American computer scientist

David Alan Plaisted is a computer science professor at the University of North Carolina at Chapel Hill.

==Research interests==
Plaisted's research interests include term rewriting systems, automated theorem proving, logic programming, and algorithms. His research accomplishments in theorem proving include work on the recursive path ordering,
the associative path ordering, abstraction, the simplified and modified problem reduction formats, ground reducibility,
nonstandard clause form translations, rigid E-unification, Knuth–Bendix completion, replacement rules in theorem proving, instance-based theorem proving strategies, and semantics in theorem proving.

==Education and career==
He received his B.S. from the University of Chicago in 1970 and his Ph.D. from Stanford University in 1976. He served on the faculty of the computer science department at the University of Illinois at Urbana-Champaign until 1984, and since then has been a full professor in the Department of Computer Science at the University of North Carolina at Chapel Hill. He has authored or co-authored publications in computer science, which are cited by academics in this field.

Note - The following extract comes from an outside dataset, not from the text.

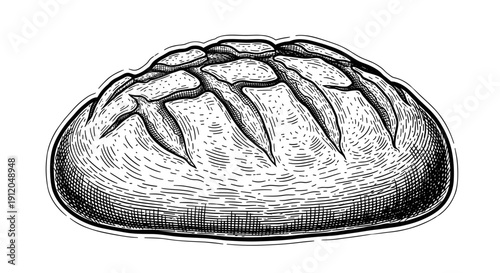 Crusty artisan bread loaf hand drawn sketch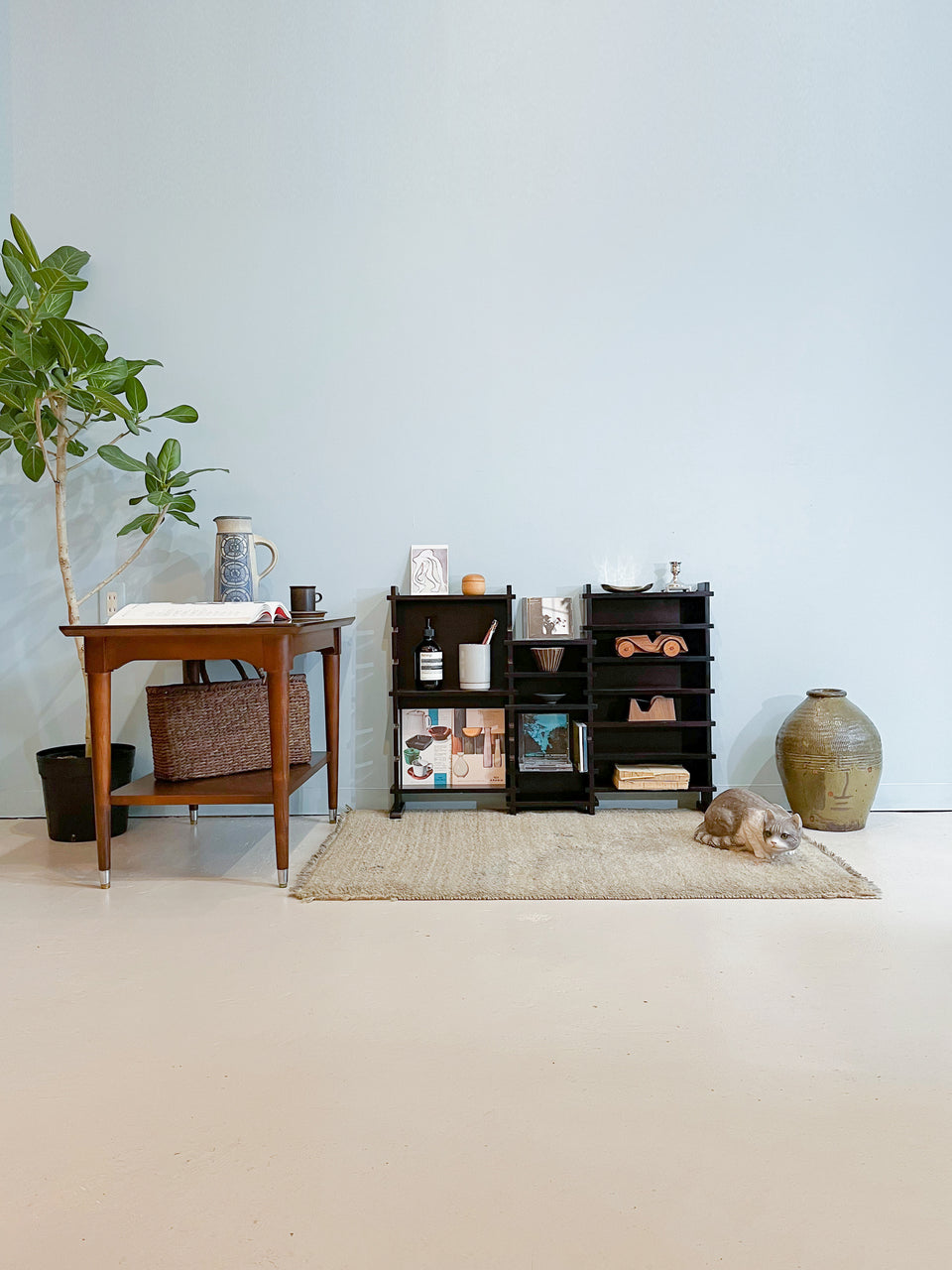 Japanese Vintage Lattice Shelf Wall Rack/格子型シェルフ ウォールラック レトロモダン 棚 収納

He has served on a number of program committees and on the editorial boards of a number of journals, including the Journal of Symbolic Computation, Information Processing Letters, Mathematical Systems Theory, and Fundamenta Informaticae. Plaisted spent a sabbatical at SRI International in Menlo Park, California in 1982 and 1983 and another at the Max Planck Institute for Software Systems and the University of Kaiserslautern in Germany in 1993 and 1994.